Ab Herbst 2016 wird Vier-Linden-Brot während vorerst sechs Monaten in ausgewählten Migros Filialen im Grossraum Zürich erhältlich sein. Was bedeutet für Ihr Unternehmen dieser Schritt in den Detailhandel?
Als regionales Projekt mit Pilot-Charakter ist für uns der Forschungs-Aspekt sehr interessant. Wir können Erfahrungen machen und dazu beitragen, dass letztlich mehr Demeter-Lebensmittel zu den Konsumenten finden. Bisher hat der Detailhandel den Bio-Konsum angekurbelt, was ich sehr positiv finde. Der Bio-Fachhandel muss und kann vermehrt das Besondere bieten. Langfristig werden wir die Nischen besetzen, denn wir können und wollen nicht gross wachsen. Das hat auch mit dem Konzept zu tun, dass wir mit Menschen mit besonderen Herausforderungen arbeiten.

Welches Interesse steht dahinter, diesen besonderen Verarbeitungsbetrieb zu führen?
Welches Interesse steht dahinter, diesen besonderen Verarbeitungsbetrieb zu führen?

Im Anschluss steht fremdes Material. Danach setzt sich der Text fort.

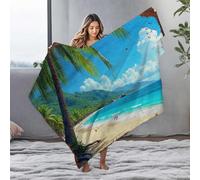 LOP Blankets Queen Size Beach Paradise: Tropical Palm Trees, Crystal Clear Waters, And Go Flannel Blanket Blanket Queen Size Personalized Baby Blanket(125x150cm)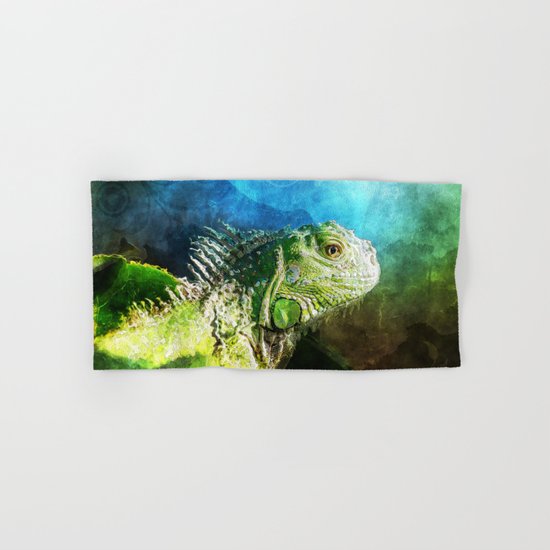 Blue And Green Iguana Profile Hand & Bath Towel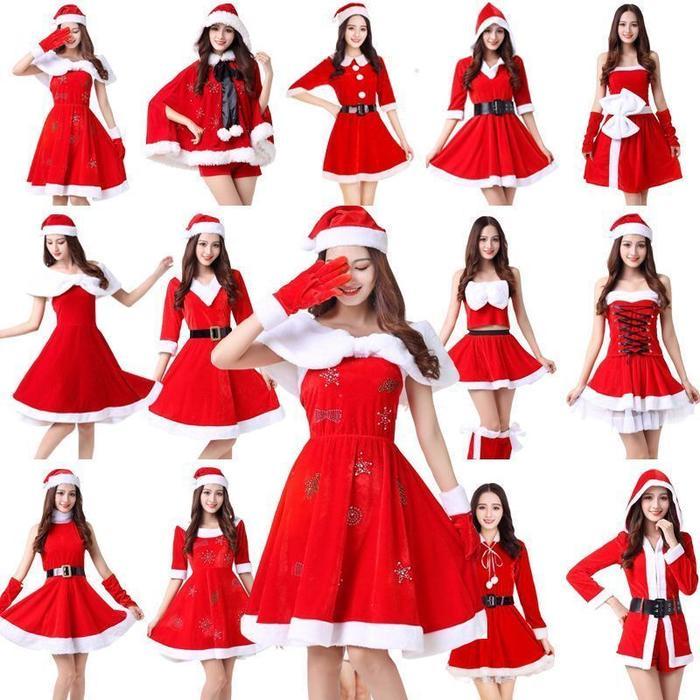GRN - 40 KOSTUM NATAL WANITA KOSTUM NATAL GAUN NATAL EMAS BELUDRU SANTA CLAUS PAKAIAN KOSTUM NATAL
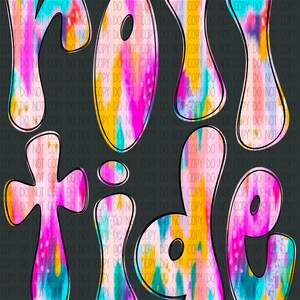 May include: Roll Tide graphic with a tie-dye pattern in shades of pink, blue, yellow, and white. The letters are outlined in black.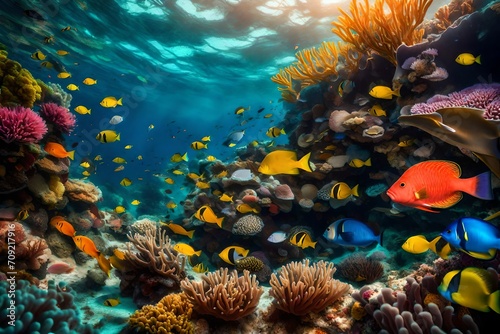 coral reef with fish © muhammad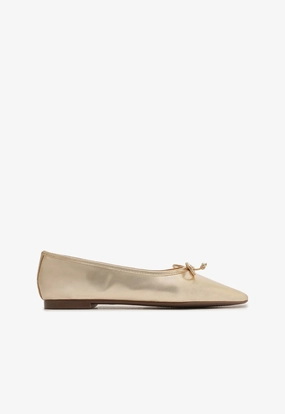 Arissa Gold Leather Ballet Flat Clean Citywear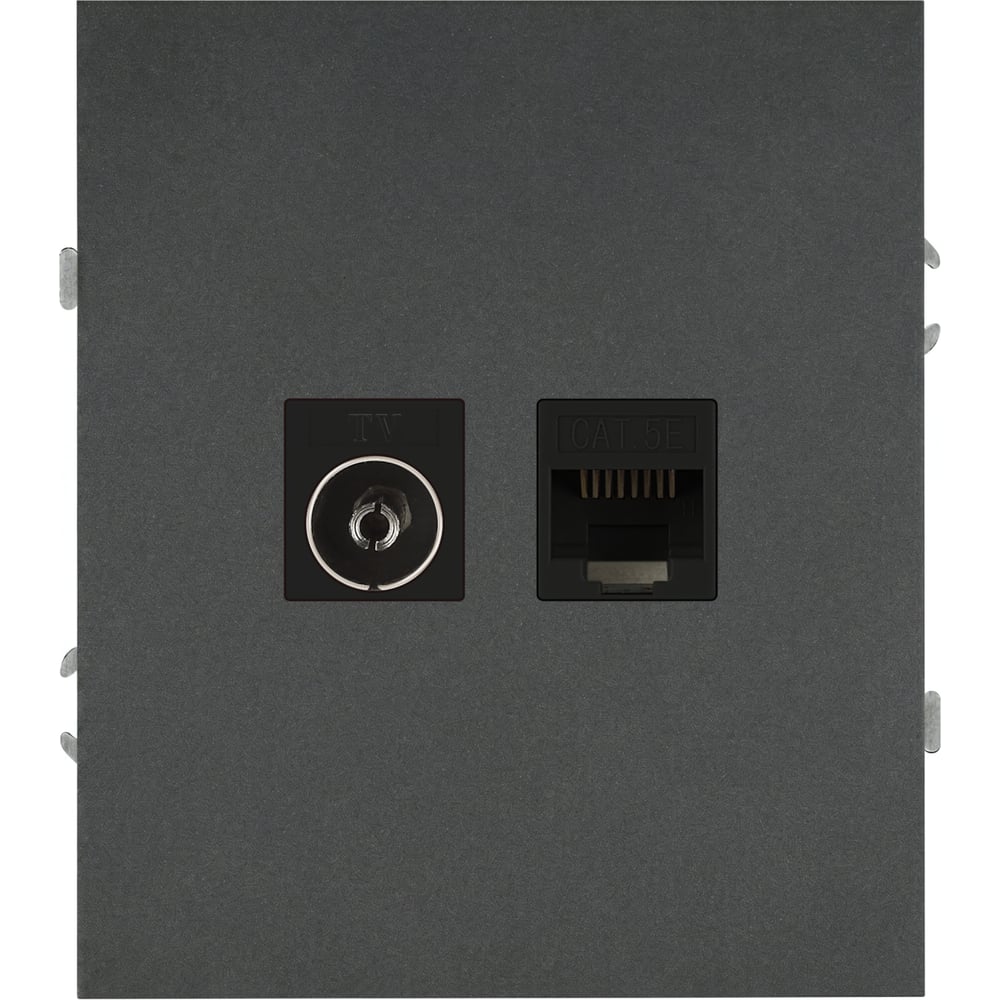 Изображение товара Розетка ЭРА Arktik 16-3110-06 комбинированная RJ45+TV графит Б0070499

Bei uns können Menschen die Lehre machen, die von der intellektuellen Begabung her länger brauchen, bis sie den Abschluss machen können. Sie bekommen bei uns eine Möglichkeit, ein Handwerk zu erlernen. Trotzdem müssen wir selbsttragend sein, d.h., wir bekommen keine Subventionen. Das ist eine spannende Herausforderung.

Wenn Sie Ihr Unternehmen befragen, wie der Bauer seinen Boden, was stellen Sie fest? Ist es im Gleichgewicht? Fehlt ihm etwas?
Wir müssen unser Gleichgewicht immer neu suchen, neu definieren. Der innere Impuls, der Berufsstolz will den Anforderungen von aussen genügen, das heisst, wir müssen unsere Arbeit immer wieder kritisch hinterfragen, müssen qualitativ noch besser werden. Das gilt zum einen im Bezug auf die Rohstoffe, zum andern aber müssen wir auch optische Anforderungen erfüllen. Der Detailhandel will, dass die Produkte immer gleich aussehen … Da müssen wir kontinuierlich die Sorgfalt steigern. Andererseits wollen wir den Kunden auch bewusst machen, was Handarbeit bedeutet: Wir organisieren Kundenanlässe, wo wir dies sicht- und erlebbar machen.

Zum Schluss haben Sie einen Wunsch frei.
Ich wünschte mir, dass man im Bezug auf die Bürokratie einen andern Weg einschlagen würde, indem der Betrieb als solches demeter-zertifiziert würde, und nicht jedes einzelne Produkt. Wir wollen gegenüber den Konsumenten ein verlässlicher Hersteller sein, wollen mit einem starken Label auftreten. Dank der eingesparten Zeit könnten wir uns wieder vermehrt dem Wesentlichen zuwenden.

Vielen Dank, Raphael Stadelmann, für dieses interessante Gespräch.